_What this task involves_: What you return must match the records below exactly, apart from the omitted pictures.

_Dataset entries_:
# # # #
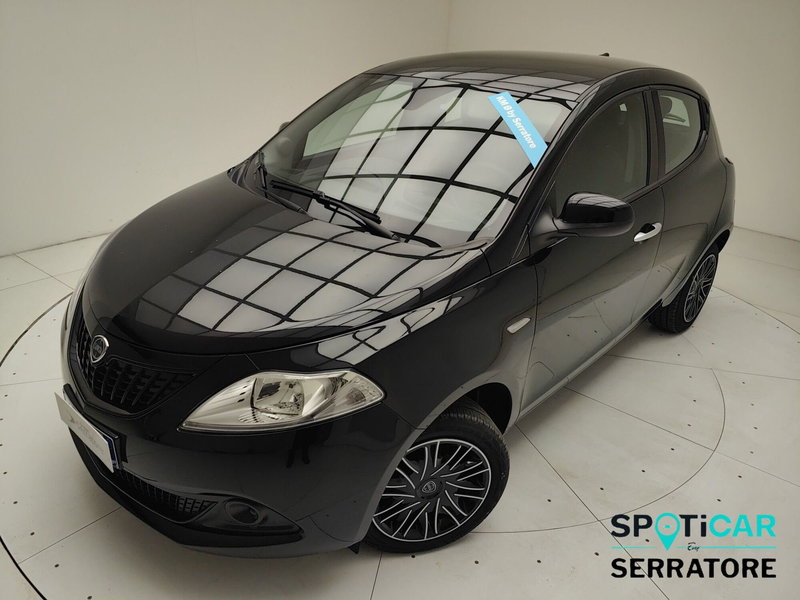 Lancia Ypsilon nuova a Como (14)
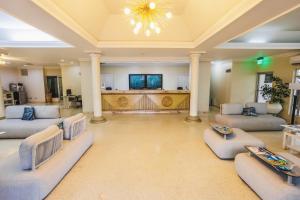 Uma TV ou centro de entretenimento em Blue Horizon Hotel
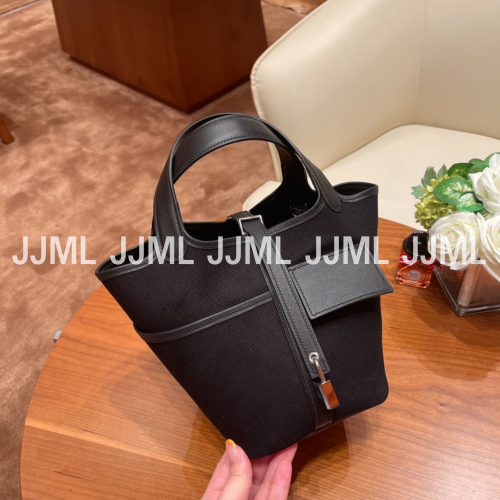 에르메스 피코탄 락 18 카고 포켓백 블랙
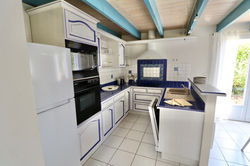 Maison B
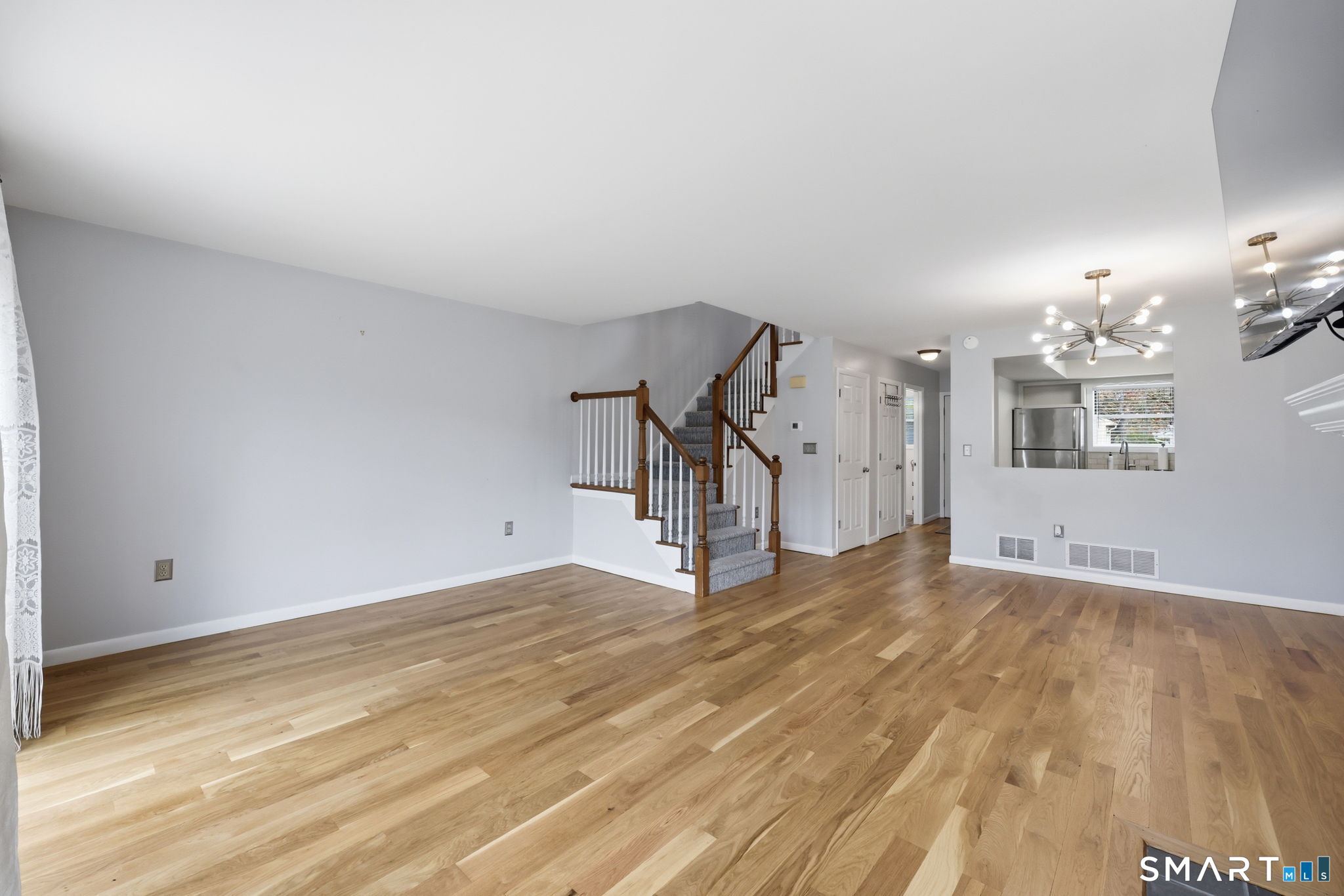 1402 Sunfield Drive 1402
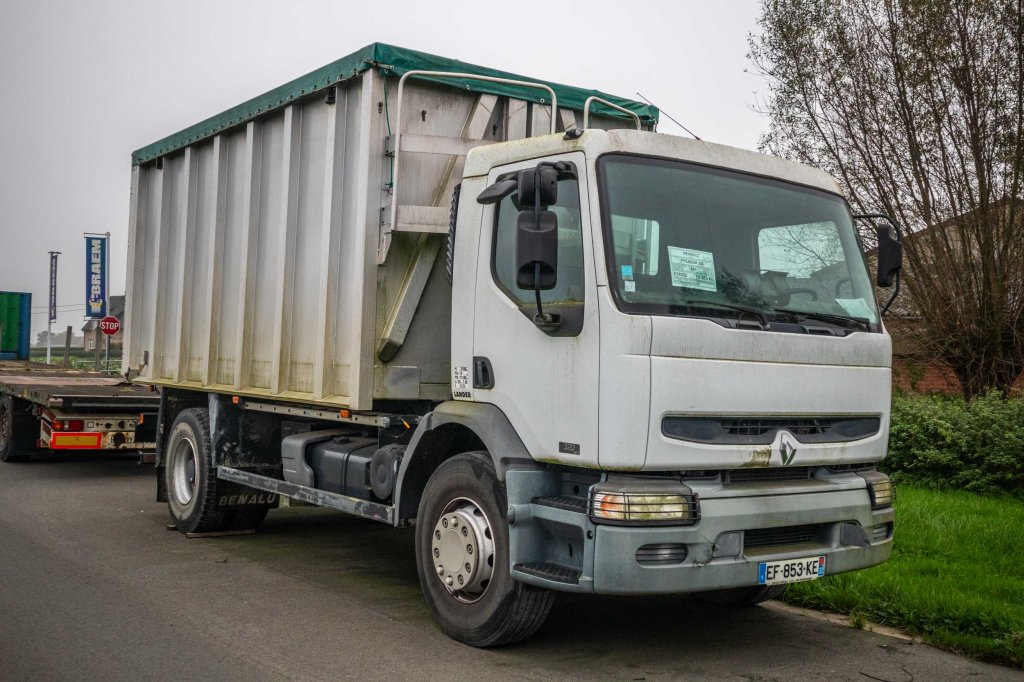 RENAULT PREMIUM 320 2004 E58250 Renault PREMIUM 320 2004 1 image 2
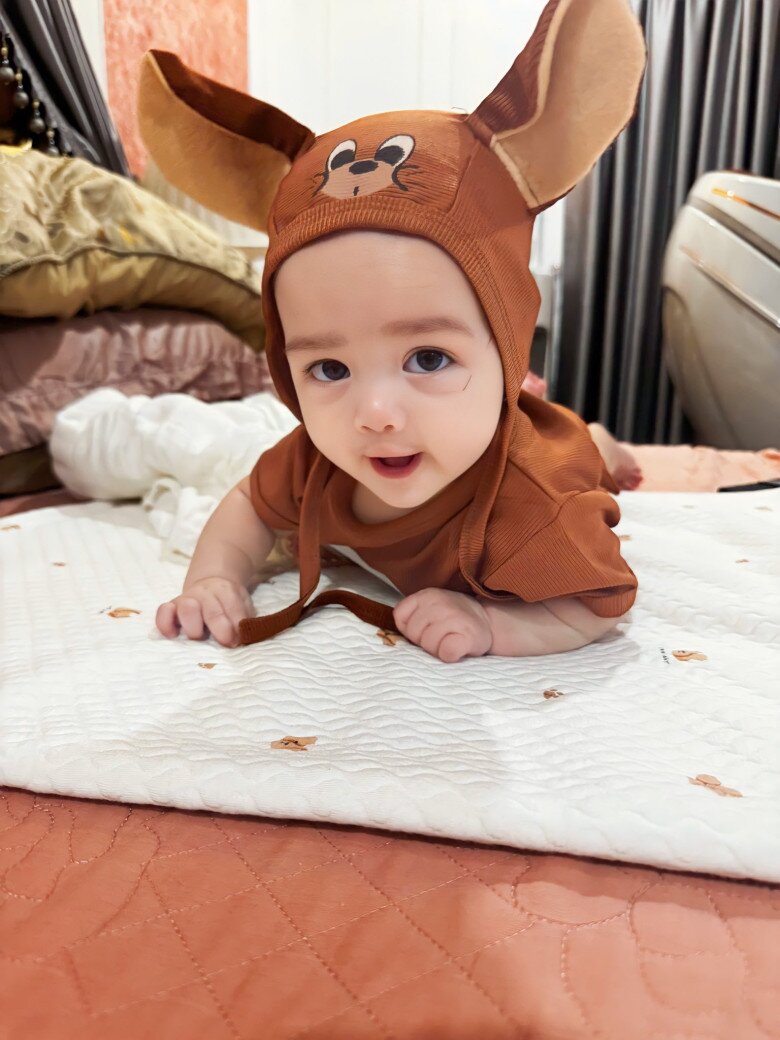 Trong nhiều bức ảnh, nhóc tì được khen nhìn giống hệt như em bé Tây.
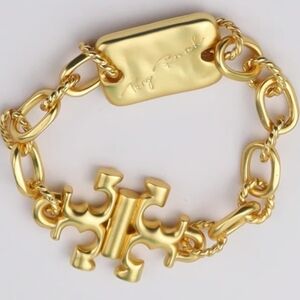 ✨️NWOT✨️Tory Burch Torsade Gold Bracelet
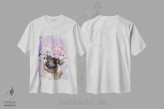 تیشرت سفید طرح دار پاگ زیبا با تاج گل به رنگ یاسی، هنر دیجیتال اثر بگ نوز ورک | immage.ir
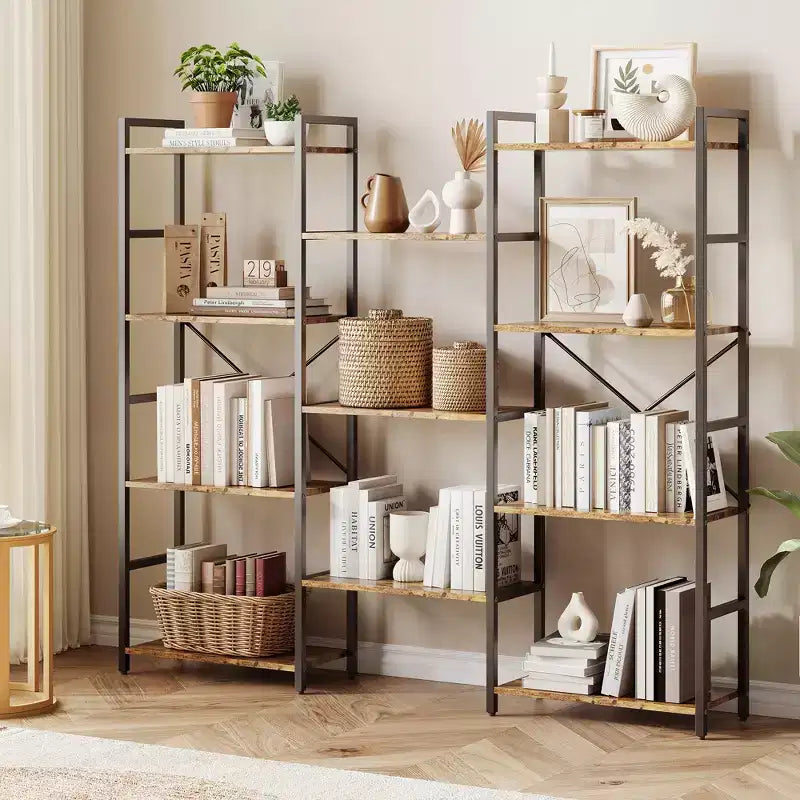 Libreria in stile industriale con ripiani regolabili e livelli a giorno, adatta per soggiorni, case e uffici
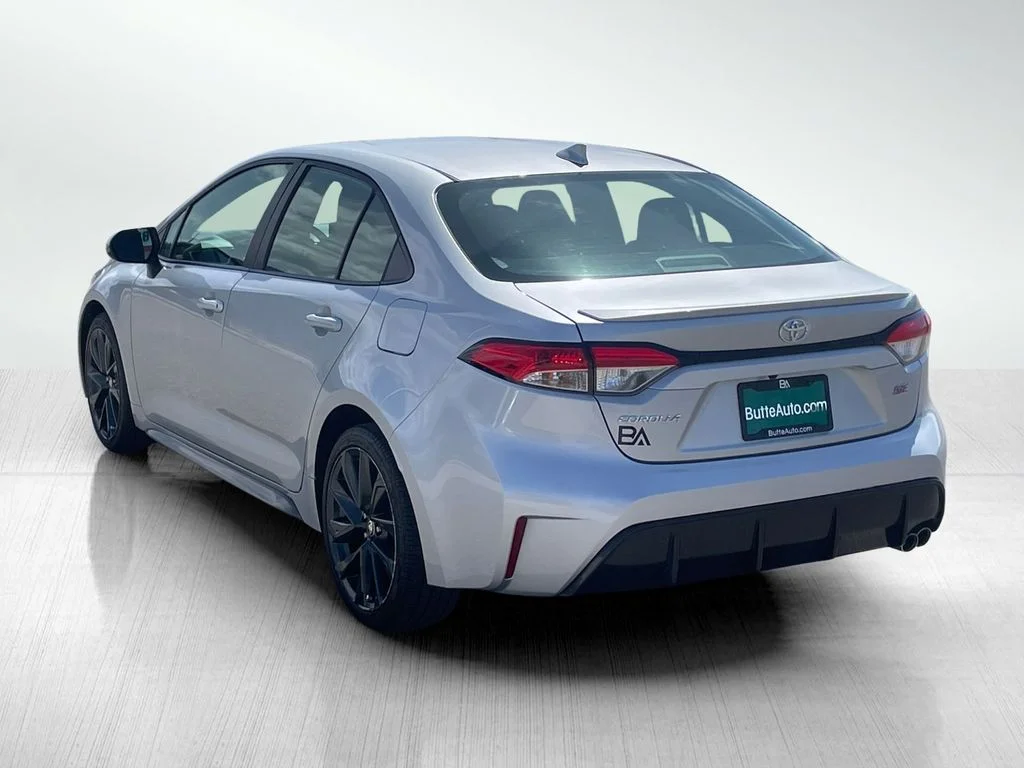 Used 2024 Classic Silver Metallic Toyota SE image 5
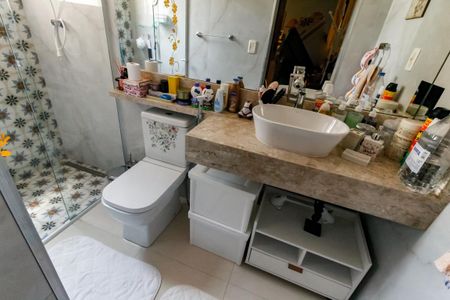 Casa à venda com 105m², 3 quartos e sem vaga Casa à venda com 105m², 3 quartos e sem vagaBanheiro da Suíte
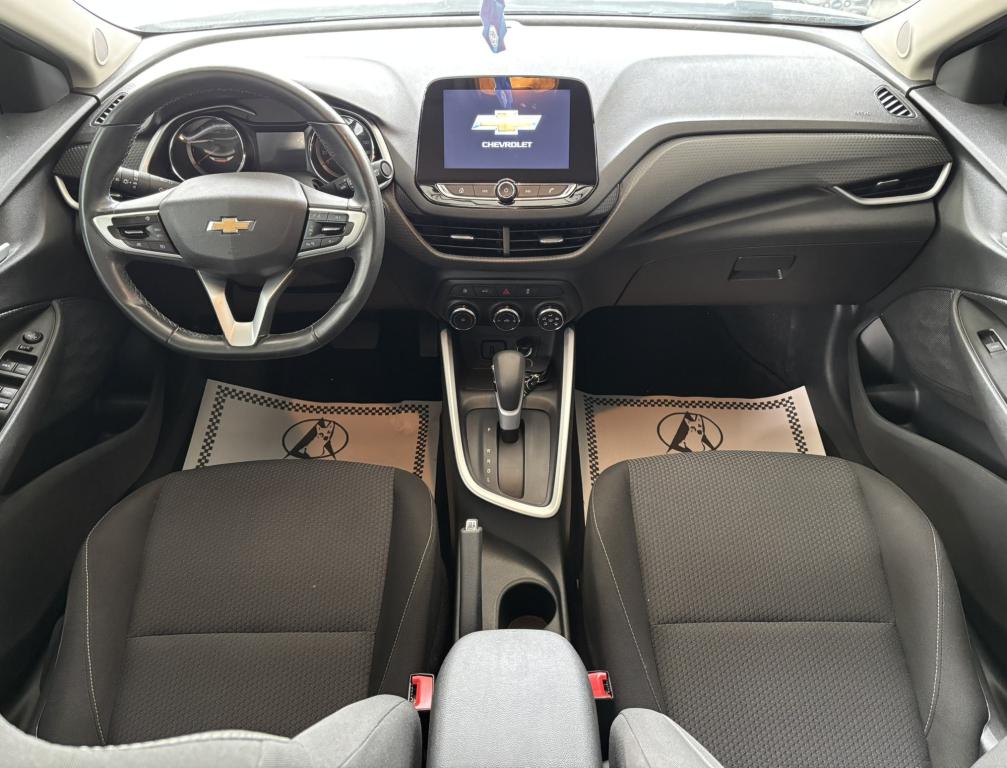 CHEVROLET Onix Sedan - Foto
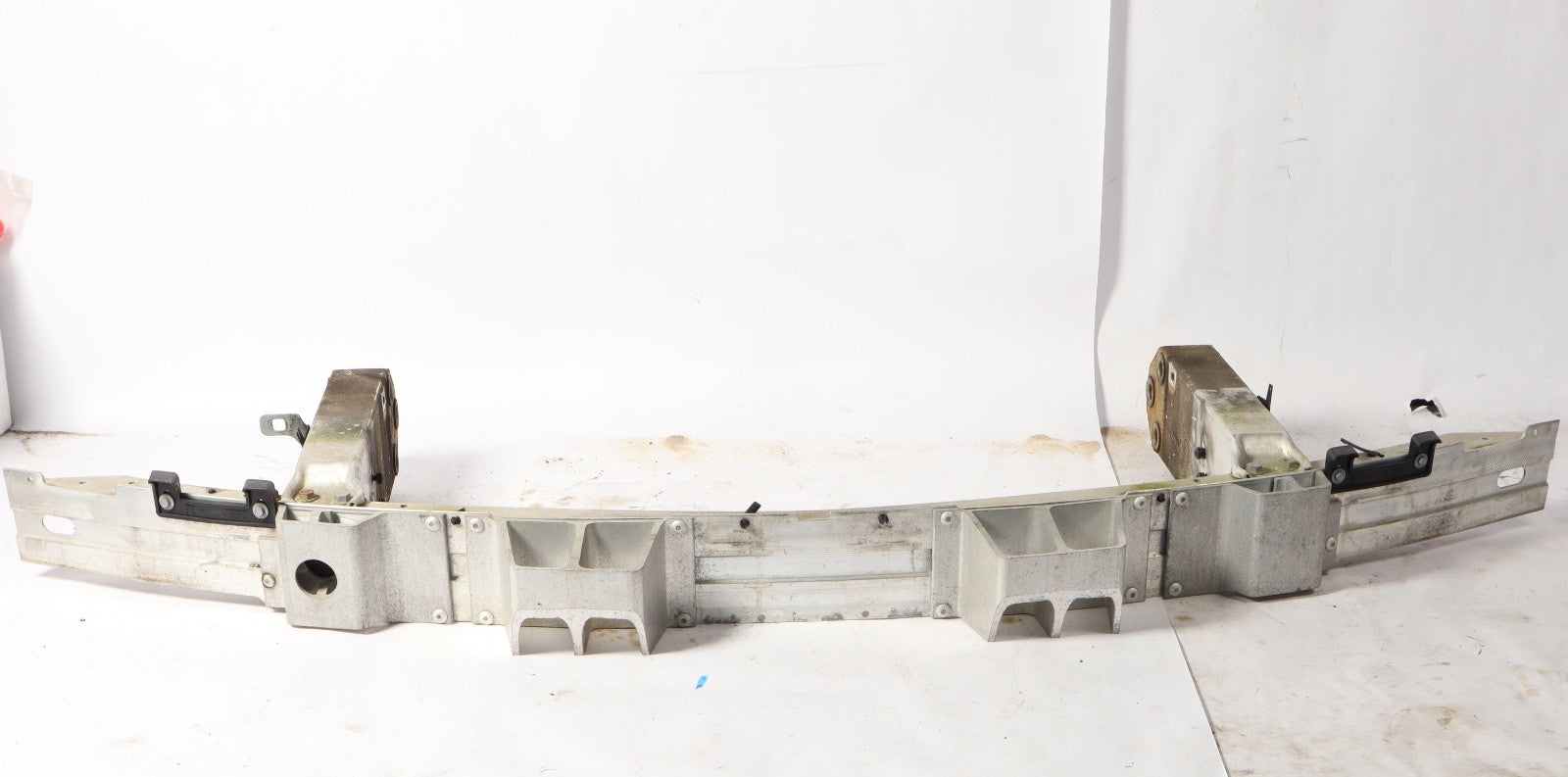 2013-2018 BMW 650XI F06 GRAN COUPE FRONT BUMPER REINFORCEMENT IMPACT BAR OEM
# # # #
_Answer space_:
 Lancia Ypsilon nuova a Como (14)
 Uma TV ou centro de entretenimento em Blue Horizon Hotel
 에르메스 피코탄 락 18 카고 포켓백 블랙
 Maison B
 1402 Sunfield Drive 1402
 RENAULT PREMIUM 320 2004 E58250 Renault PREMIUM 320 2004 1 image 2
 Trong nhiều bức ảnh, nhóc tì được khen nhìn giống hệt như em bé Tây.
 ✨️NWOT✨️Tory Burch Torsade Gold Bracelet
 تیشرت سفید طرح دار پاگ زیبا با تاج گل به رنگ یاسی، هنر دیجیتال اثر بگ نوز ورک | immage.ir
 Libreria in stile industriale con ripiani regolabili e livelli a giorno, adatta per soggiorni, case e uffici
 Used 2024 Classic Silver Metallic Toyota SE image 5
 Casa à venda com 105m², 3 quartos e sem vaga Casa à venda com 105m², 3 quartos e sem vagaBanheiro da Suíte
 CHEVROLET Onix Sedan - Foto
 2013-2018 BMW 650XI F06 GRAN COUPE FRONT BUMPER REINFORCEMENT IMPACT BAR OEM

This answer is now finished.